Supplied data
● ● ●
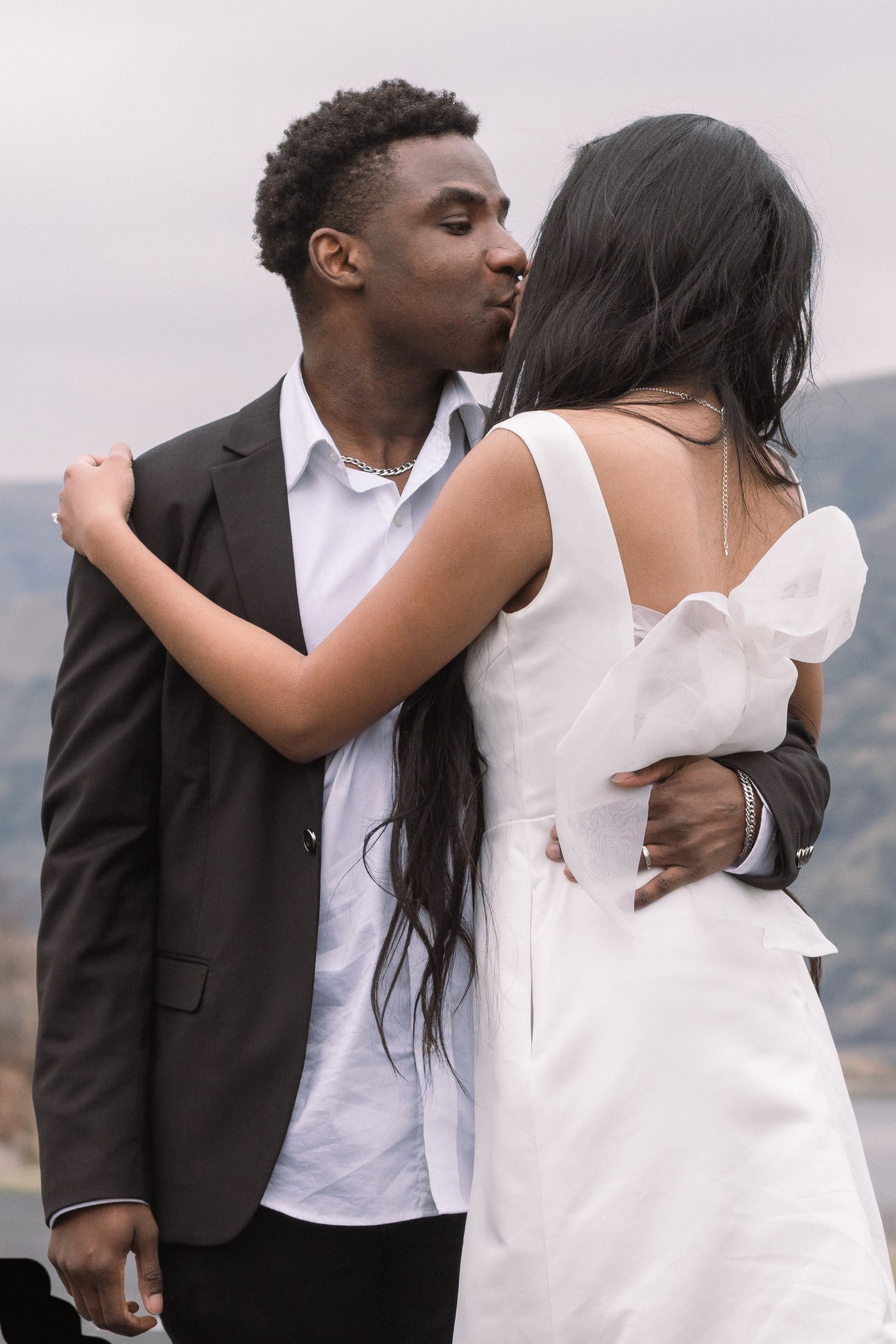 A romantic embrace between a couple in formal wedding attire against a mountain backdrop.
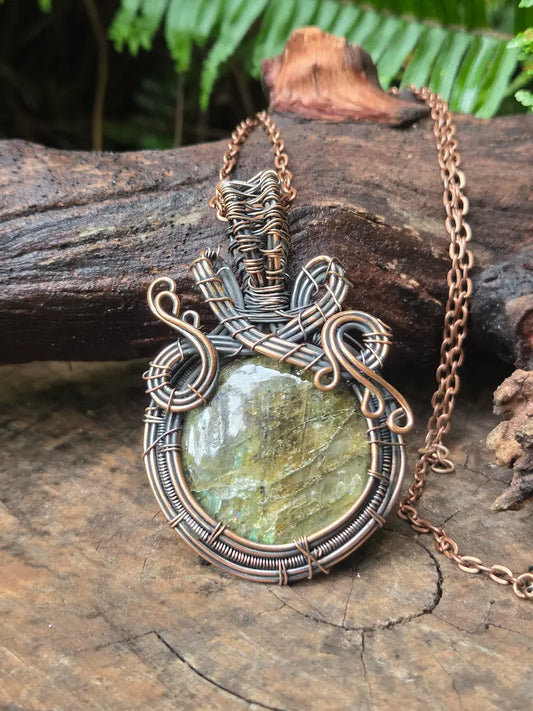 Copper Necklace with a labradorite stone on a wooden surface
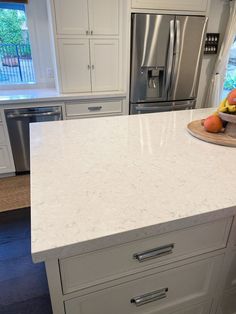 a kitchen with white counter tops and stainless steel appliances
● ● ●
What is expected
The pictures are not wanted, but every line of the listing should be duplicated exactly.

Answer to this exercise
 A romantic embrace between a couple in formal wedding attire against a mountain backdrop.
 Copper Necklace with a labradorite stone on a wooden surface
 a kitchen with white counter tops and stainless steel appliances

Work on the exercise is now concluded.